Gilmar Mendes já havia reconhecido a prerrogativa e determinado a remessa do Inquérito 94/15 ao tribunal goiano. Contudo, a Procuradoria Geral da República recorreu, sustentando que a decisão contrariava precedentes da Corte, como a Ação Penal 937 e a ADI 6.512, que restringiram o foro especial.
Manifestação da defesa
Em nota, o advogado Romero Ferraz Filho, responsável pela defesa de João Furtado, afirmou que o voto do ministro Gilmar Mendes confirma a tese de que houve sim violação ao foro por prerrogativa de função desde o início das investigações, resultando em nulidade absoluta do processo em razão de manipulação de competência.
Ele lembrou que, à época dos fatos investigados (2015), vigorava norma da Constituição estadual que assegurava foro especial aos procuradores do Estado, validada pelo próprio STF na ADI 2587/GO. Segundo a nota, esse entendimento transitou em julgado em 2006 e não poderia ter sido afastado retroativamente para legitimar atos processuais.
Romero Ferraz também destacou que, embora o STF tenha posteriormente declarado inconstitucional essa regra na ADI 6512/GO, não houve modulação de efeitos. Para a defesa, essa ausência contrastou com decisões em outras ADIs correlatas, nas quais a Corte preservou situações jurídicas consolidadas.
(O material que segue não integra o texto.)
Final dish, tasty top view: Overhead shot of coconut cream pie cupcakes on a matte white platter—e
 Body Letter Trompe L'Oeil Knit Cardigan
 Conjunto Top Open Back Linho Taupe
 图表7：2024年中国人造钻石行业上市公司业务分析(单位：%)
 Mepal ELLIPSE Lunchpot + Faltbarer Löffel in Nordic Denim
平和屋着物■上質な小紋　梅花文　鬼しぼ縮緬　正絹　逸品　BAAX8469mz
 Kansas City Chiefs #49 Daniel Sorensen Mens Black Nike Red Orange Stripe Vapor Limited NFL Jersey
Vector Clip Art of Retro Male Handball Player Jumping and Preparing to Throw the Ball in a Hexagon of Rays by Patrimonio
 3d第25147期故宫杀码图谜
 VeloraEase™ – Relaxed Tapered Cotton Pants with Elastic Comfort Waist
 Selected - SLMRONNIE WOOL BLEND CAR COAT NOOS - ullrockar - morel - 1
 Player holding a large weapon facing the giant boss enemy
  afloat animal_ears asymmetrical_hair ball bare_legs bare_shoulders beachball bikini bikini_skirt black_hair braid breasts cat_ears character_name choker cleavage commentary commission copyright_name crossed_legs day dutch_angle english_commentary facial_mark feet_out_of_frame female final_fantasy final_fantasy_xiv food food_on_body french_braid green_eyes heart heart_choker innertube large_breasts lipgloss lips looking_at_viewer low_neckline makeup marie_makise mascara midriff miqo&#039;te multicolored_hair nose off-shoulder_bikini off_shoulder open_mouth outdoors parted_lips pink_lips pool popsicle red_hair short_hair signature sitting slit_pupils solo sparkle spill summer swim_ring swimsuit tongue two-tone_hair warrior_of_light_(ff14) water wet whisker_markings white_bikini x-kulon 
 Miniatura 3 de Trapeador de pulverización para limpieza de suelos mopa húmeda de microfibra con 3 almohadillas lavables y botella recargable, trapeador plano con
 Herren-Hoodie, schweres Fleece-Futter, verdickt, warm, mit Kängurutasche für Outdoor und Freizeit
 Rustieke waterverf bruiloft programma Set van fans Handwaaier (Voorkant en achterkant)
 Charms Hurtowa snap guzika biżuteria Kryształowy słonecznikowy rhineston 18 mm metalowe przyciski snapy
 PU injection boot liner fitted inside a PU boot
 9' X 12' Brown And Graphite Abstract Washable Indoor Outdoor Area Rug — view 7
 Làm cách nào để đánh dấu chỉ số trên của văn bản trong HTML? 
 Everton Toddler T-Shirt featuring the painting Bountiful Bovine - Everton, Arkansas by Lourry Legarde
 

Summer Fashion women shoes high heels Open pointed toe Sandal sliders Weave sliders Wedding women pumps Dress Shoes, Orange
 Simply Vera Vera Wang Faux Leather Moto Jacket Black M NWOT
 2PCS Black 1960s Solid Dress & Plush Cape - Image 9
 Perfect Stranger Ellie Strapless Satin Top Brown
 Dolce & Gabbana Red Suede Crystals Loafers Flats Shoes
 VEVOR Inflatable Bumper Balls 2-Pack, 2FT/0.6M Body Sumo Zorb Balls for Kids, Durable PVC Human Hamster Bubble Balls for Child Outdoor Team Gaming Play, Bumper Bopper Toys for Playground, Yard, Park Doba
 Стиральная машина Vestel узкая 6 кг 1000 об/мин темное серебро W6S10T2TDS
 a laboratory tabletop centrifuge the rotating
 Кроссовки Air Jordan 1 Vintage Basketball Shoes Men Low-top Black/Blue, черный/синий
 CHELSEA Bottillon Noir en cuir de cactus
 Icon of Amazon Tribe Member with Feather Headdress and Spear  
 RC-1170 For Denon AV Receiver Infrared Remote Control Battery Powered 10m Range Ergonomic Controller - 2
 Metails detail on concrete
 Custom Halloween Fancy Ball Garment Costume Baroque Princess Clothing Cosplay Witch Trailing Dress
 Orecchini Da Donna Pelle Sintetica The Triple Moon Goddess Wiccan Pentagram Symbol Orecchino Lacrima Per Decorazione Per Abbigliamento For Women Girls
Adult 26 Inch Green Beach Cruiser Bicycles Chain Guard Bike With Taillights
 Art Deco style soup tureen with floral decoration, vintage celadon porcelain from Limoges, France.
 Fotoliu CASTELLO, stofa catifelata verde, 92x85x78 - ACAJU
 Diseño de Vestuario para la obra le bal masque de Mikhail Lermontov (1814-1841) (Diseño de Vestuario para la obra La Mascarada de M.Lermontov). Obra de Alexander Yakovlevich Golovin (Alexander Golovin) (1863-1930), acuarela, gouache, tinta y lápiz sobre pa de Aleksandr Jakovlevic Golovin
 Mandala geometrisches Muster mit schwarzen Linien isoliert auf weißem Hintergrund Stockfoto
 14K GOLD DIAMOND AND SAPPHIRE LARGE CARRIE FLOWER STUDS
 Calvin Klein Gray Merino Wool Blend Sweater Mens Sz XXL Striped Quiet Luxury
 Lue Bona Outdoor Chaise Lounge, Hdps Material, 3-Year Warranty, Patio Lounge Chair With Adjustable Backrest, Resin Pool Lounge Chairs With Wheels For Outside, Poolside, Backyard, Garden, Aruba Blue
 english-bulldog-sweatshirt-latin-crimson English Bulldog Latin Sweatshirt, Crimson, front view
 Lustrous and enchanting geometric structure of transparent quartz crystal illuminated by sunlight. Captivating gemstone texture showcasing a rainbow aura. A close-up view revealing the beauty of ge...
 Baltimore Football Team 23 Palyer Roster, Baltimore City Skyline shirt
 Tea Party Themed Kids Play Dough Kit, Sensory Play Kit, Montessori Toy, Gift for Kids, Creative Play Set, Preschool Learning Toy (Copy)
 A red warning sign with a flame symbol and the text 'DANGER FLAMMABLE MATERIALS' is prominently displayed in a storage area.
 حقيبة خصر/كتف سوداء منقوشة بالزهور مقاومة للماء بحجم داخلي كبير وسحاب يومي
Por fim, o advogado ressaltou que a decisão do ministro Gilmar Mendes reforça os princípios da segurança jurídica, do juiz natural e do devido processo legal, servindo de marco não apenas para o caso concreto, mas também para reafirmar o papel do STF como guardião da Constituição.
“A decisão de Gilmar Mendes é emblemática: ela reconhece que não há espaço para relativizações quando se trata da observância de normas constitucionais. Mais do que corrigir uma ilegalidade, expõe a necessidade de que as instâncias ordinárias se submetam, de forma leal e efetiva, aos parâmetros fixados pela Constituição e pela Suprema Corte”, frisou o criminalista.
HC 192.096
Já no HC 192.096, Gilmar Mendes tratou do excesso de prazo das investigações, destacando que, instaurado em 2015, o inquérito se arrastou por mais de cinco anos sem elementos consistentes para denúncia, com medidas relevantes apenas em 2019.
Amparado no art. 5º, LXXVIII, da CF, incluído pela EC 45/04, o relator reforçou que a garantia da razoável duração do processo também vale para a fase investigativa.